*** Opening of Material provided ***

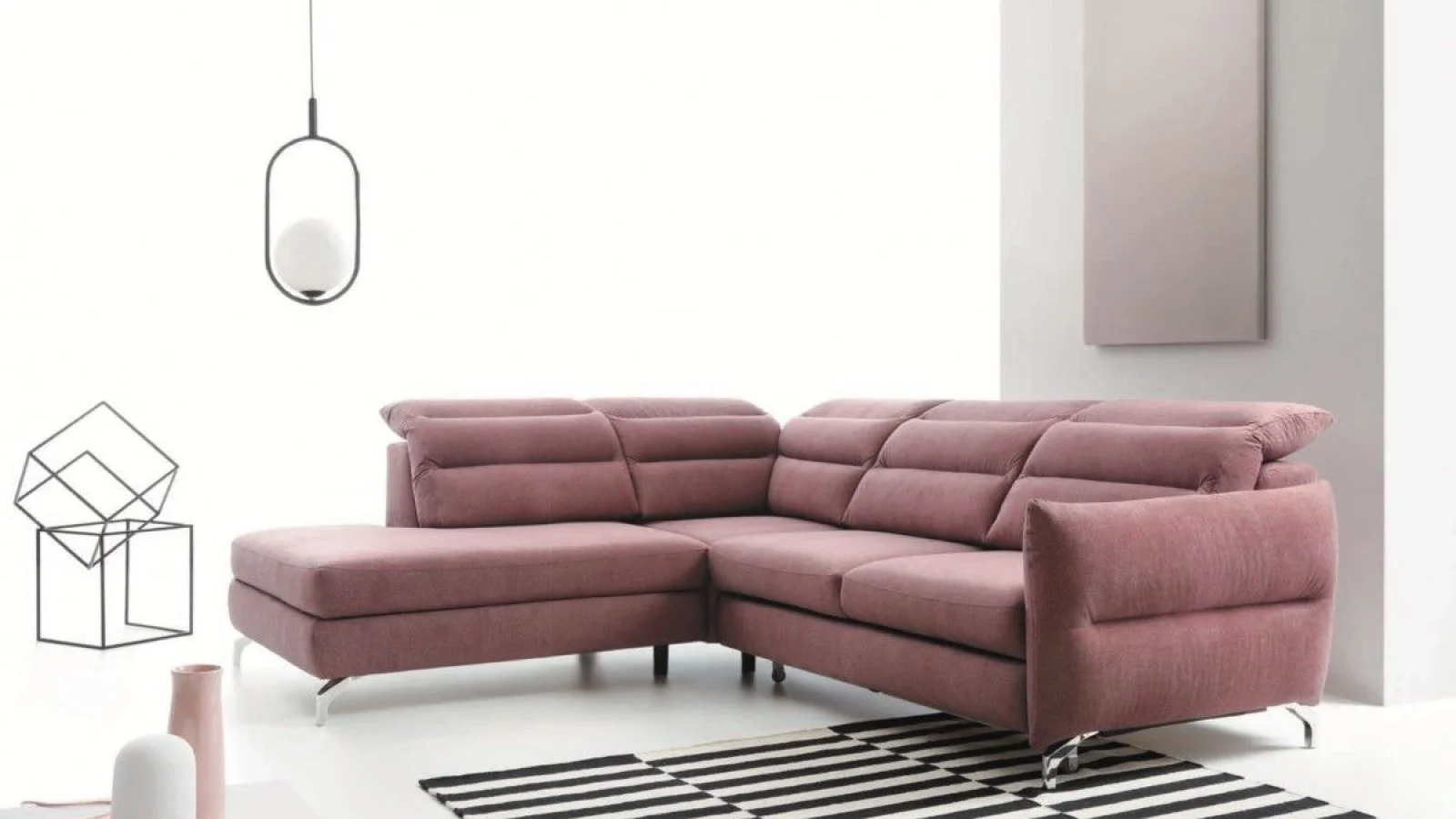 Pretty in Pink: Sofas That Steal the Show!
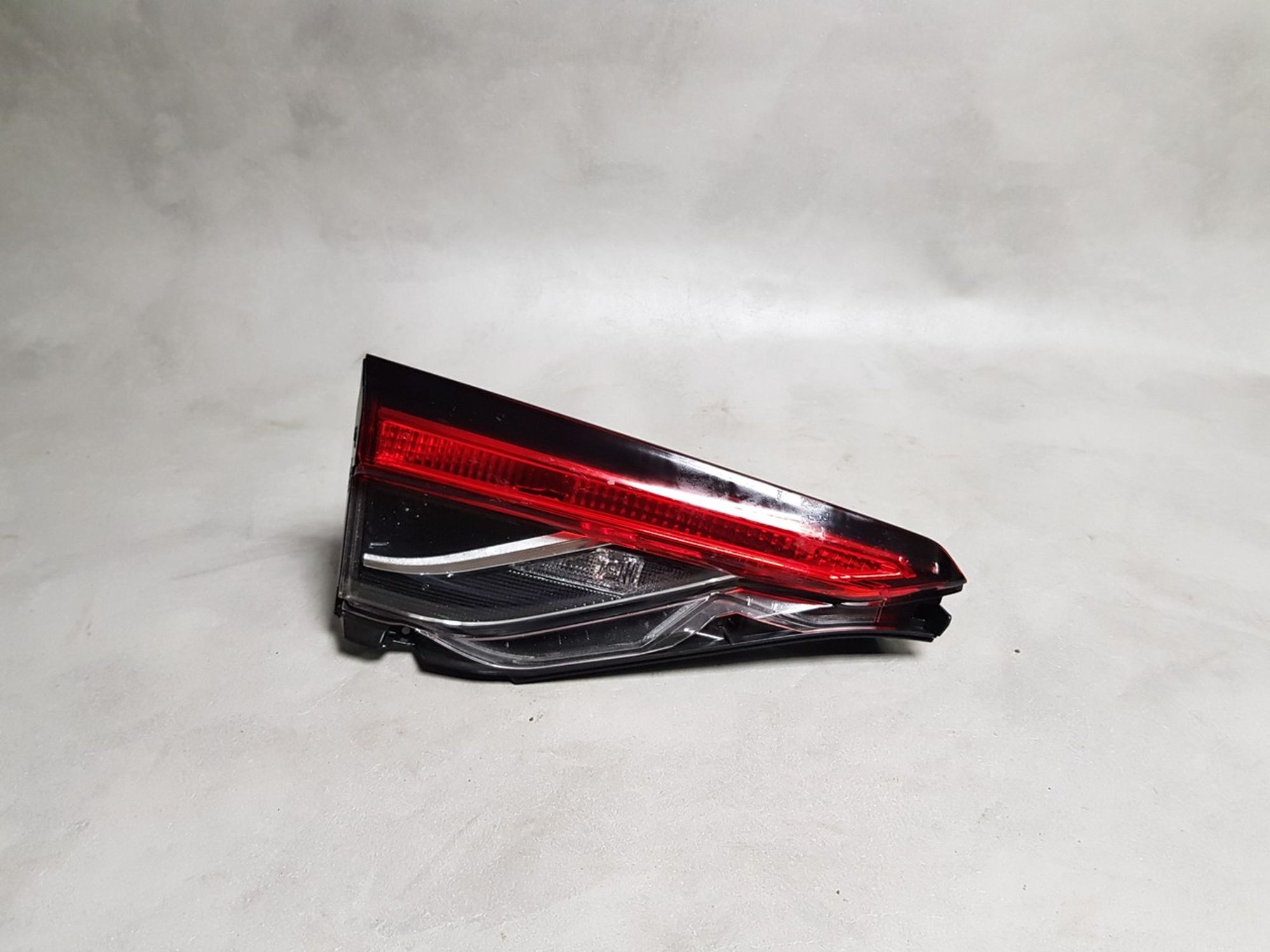 8159002C20 Фонарь задний внутренний левый L Toyota Corolla E160/E170, 7500 рублей, Нижний Новгород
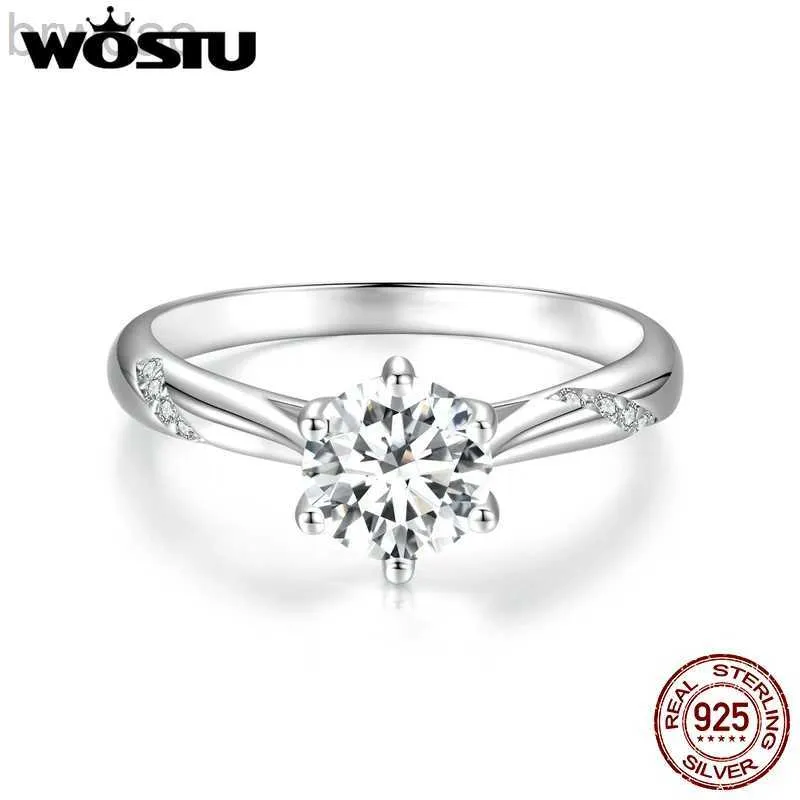 ソリティアリングWostu DカラーVVS1 Ex Moissanite Wedding Ring 1CT Round Diamond Cut Solitaire 925 Sterling Silver Promise Rings Gift for Women D240419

*** Close of Material provided ***

#### [Exercise prompt]
Everything in the material above must be repeated exactly, apart from its pictures.

#### [Result of this exercise]
 Pretty in Pink: Sofas That Steal the Show!
 8159002C20 Фонарь задний внутренний левый L Toyota Corolla E160/E170, 7500 рублей, Нижний Новгород
 ソリティアリングWostu DカラーVVS1 Ex Moissanite Wedding Ring 1CT Round Diamond Cut Solitaire 925 Sterling Silver Promise Rings Gift for Women D240419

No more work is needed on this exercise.